====== Data for this task

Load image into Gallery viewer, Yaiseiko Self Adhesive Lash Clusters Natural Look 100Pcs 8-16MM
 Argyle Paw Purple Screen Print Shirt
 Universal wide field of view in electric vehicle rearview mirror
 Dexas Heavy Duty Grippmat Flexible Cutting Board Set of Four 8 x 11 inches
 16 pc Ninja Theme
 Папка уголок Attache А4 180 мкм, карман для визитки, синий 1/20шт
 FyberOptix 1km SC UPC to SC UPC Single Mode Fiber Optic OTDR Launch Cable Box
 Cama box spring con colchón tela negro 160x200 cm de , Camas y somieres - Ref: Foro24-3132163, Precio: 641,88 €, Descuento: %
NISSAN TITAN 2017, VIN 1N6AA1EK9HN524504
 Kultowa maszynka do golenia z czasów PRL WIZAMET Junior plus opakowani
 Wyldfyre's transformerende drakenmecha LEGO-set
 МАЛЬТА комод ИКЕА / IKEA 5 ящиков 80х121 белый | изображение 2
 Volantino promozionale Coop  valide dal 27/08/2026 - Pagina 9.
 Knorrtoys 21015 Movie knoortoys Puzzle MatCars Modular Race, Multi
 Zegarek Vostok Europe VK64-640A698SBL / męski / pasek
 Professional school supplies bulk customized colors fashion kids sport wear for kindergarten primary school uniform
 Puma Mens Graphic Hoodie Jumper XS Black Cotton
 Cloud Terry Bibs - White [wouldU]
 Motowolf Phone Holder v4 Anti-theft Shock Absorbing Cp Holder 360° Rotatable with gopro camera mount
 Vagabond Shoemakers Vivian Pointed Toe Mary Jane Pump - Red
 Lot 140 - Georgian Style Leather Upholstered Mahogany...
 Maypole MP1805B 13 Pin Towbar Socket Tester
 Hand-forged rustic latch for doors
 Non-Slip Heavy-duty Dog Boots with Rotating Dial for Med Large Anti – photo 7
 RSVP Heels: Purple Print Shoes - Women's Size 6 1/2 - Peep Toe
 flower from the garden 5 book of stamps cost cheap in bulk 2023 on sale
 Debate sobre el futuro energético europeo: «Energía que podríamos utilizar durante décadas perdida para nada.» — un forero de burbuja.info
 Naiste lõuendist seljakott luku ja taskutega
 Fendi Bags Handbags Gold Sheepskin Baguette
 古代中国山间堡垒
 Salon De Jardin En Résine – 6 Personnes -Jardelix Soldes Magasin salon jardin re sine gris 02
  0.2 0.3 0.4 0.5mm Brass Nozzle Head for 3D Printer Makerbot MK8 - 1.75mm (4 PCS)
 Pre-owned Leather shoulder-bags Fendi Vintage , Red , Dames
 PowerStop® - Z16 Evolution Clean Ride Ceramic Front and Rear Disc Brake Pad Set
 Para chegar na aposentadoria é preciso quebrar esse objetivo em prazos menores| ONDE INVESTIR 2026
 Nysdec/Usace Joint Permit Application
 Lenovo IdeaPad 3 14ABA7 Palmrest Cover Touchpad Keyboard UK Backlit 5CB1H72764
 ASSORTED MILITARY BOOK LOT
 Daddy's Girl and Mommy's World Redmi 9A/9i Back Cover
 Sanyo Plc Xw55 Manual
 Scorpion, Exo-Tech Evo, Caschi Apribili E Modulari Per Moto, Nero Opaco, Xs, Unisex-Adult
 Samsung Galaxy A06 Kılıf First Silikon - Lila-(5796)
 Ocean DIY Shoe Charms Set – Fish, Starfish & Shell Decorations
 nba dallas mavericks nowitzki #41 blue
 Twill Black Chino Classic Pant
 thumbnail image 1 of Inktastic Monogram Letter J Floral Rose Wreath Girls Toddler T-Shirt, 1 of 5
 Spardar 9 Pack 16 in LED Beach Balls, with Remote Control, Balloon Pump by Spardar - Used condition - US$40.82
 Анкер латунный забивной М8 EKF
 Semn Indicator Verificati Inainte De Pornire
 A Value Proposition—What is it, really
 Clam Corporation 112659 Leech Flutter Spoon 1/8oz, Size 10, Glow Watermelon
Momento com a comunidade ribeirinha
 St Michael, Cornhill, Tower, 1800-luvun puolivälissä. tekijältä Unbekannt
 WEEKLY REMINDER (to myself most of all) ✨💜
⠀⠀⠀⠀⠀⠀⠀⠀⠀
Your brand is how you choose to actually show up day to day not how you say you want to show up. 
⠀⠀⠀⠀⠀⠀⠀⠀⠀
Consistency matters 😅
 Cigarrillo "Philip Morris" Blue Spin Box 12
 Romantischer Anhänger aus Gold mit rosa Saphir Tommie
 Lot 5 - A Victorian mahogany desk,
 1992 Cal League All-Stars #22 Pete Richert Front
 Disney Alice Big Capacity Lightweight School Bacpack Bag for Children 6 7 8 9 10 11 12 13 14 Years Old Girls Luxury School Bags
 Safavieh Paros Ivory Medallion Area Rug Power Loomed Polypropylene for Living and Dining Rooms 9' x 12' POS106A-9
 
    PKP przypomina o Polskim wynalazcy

============

Task prompt:
Print the records again, exactly as they stand above.

Exercise answer:
Load image into Gallery viewer, Yaiseiko Self Adhesive Lash Clusters Natural Look 100Pcs 8-16MM
 Argyle Paw Purple Screen Print Shirt
 Universal wide field of view in electric vehicle rearview mirror
 Dexas Heavy Duty Grippmat Flexible Cutting Board Set of Four 8 x 11 inches
 16 pc Ninja Theme
 Папка уголок Attache А4 180 мкм, карман для визитки, синий 1/20шт
 FyberOptix 1km SC UPC to SC UPC Single Mode Fiber Optic OTDR Launch Cable Box
 Cama box spring con colchón tela negro 160x200 cm de , Camas y somieres - Ref: Foro24-3132163, Precio: 641,88 €, Descuento: %
NISSAN TITAN 2017, VIN 1N6AA1EK9HN524504
 Kultowa maszynka do golenia z czasów PRL WIZAMET Junior plus opakowani
 Wyldfyre's transformerende drakenmecha LEGO-set
 МАЛЬТА комод ИКЕА / IKEA 5 ящиков 80х121 белый | изображение 2
 Volantino promozionale Coop  valide dal 27/08/2026 - Pagina 9.
 Knorrtoys 21015 Movie knoortoys Puzzle MatCars Modular Race, Multi
 Zegarek Vostok Europe VK64-640A698SBL / męski / pasek
 Professional school supplies bulk customized colors fashion kids sport wear for kindergarten primary school uniform
 Puma Mens Graphic Hoodie Jumper XS Black Cotton
 Cloud Terry Bibs - White [wouldU]
 Motowolf Phone Holder v4 Anti-theft Shock Absorbing Cp Holder 360° Rotatable with gopro camera mount
 Vagabond Shoemakers Vivian Pointed Toe Mary Jane Pump - Red
 Lot 140 - Georgian Style Leather Upholstered Mahogany...
 Maypole MP1805B 13 Pin Towbar Socket Tester
 Hand-forged rustic latch for doors
 Non-Slip Heavy-duty Dog Boots with Rotating Dial for Med Large Anti – photo 7
 RSVP Heels: Purple Print Shoes - Women's Size 6 1/2 - Peep Toe
 flower from the garden 5 book of stamps cost cheap in bulk 2023 on sale
 Debate sobre el futuro energético europeo: «Energía que podríamos utilizar durante décadas perdida para nada.» — un forero de burbuja.info
 Naiste lõuendist seljakott luku ja taskutega
 Fendi Bags Handbags Gold Sheepskin Baguette
 古代中国山间堡垒
 Salon De Jardin En Résine – 6 Personnes -Jardelix Soldes Magasin salon jardin re sine gris 02
  0.2 0.3 0.4 0.5mm Brass Nozzle Head for 3D Printer Makerbot MK8 - 1.75mm (4 PCS)
 Pre-owned Leather shoulder-bags Fendi Vintage , Red , Dames
 PowerStop® - Z16 Evolution Clean Ride Ceramic Front and Rear Disc Brake Pad Set
 Para chegar na aposentadoria é preciso quebrar esse objetivo em prazos menores| ONDE INVESTIR 2026
 Nysdec/Usace Joint Permit Application
 Lenovo IdeaPad 3 14ABA7 Palmrest Cover Touchpad Keyboard UK Backlit 5CB1H72764
 ASSORTED MILITARY BOOK LOT
 Daddy's Girl and Mommy's World Redmi 9A/9i Back Cover
 Sanyo Plc Xw55 Manual
 Scorpion, Exo-Tech Evo, Caschi Apribili E Modulari Per Moto, Nero Opaco, Xs, Unisex-Adult
 Samsung Galaxy A06 Kılıf First Silikon - Lila-(5796)
 Ocean DIY Shoe Charms Set – Fish, Starfish & Shell Decorations
 nba dallas mavericks nowitzki #41 blue
 Twill Black Chino Classic Pant
 thumbnail image 1 of Inktastic Monogram Letter J Floral Rose Wreath Girls Toddler T-Shirt, 1 of 5
 Spardar 9 Pack 16 in LED Beach Balls, with Remote Control, Balloon Pump by Spardar - Used condition - US$40.82
 Анкер латунный забивной М8 EKF
 Semn Indicator Verificati Inainte De Pornire
 A Value Proposition—What is it, really
 Clam Corporation 112659 Leech Flutter Spoon 1/8oz, Size 10, Glow Watermelon
Momento com a comunidade ribeirinha
 St Michael, Cornhill, Tower, 1800-luvun puolivälissä. tekijältä Unbekannt
 WEEKLY REMINDER (to myself most of all) ✨💜
⠀⠀⠀⠀⠀⠀⠀⠀⠀
Your brand is how you choose to actually show up day to day not how you say you want to show up. 
⠀⠀⠀⠀⠀⠀⠀⠀⠀
Consistency matters 😅
 Cigarrillo "Philip Morris" Blue Spin Box 12
 Romantischer Anhänger aus Gold mit rosa Saphir Tommie
 Lot 5 - A Victorian mahogany desk,
 1992 Cal League All-Stars #22 Pete Richert Front
 Disney Alice Big Capacity Lightweight School Bacpack Bag for Children 6 7 8 9 10 11 12 13 14 Years Old Girls Luxury School Bags
 Safavieh Paros Ivory Medallion Area Rug Power Loomed Polypropylene for Living and Dining Rooms 9' x 12' POS106A-9
 
    PKP przypomina o Polskim wynalazcy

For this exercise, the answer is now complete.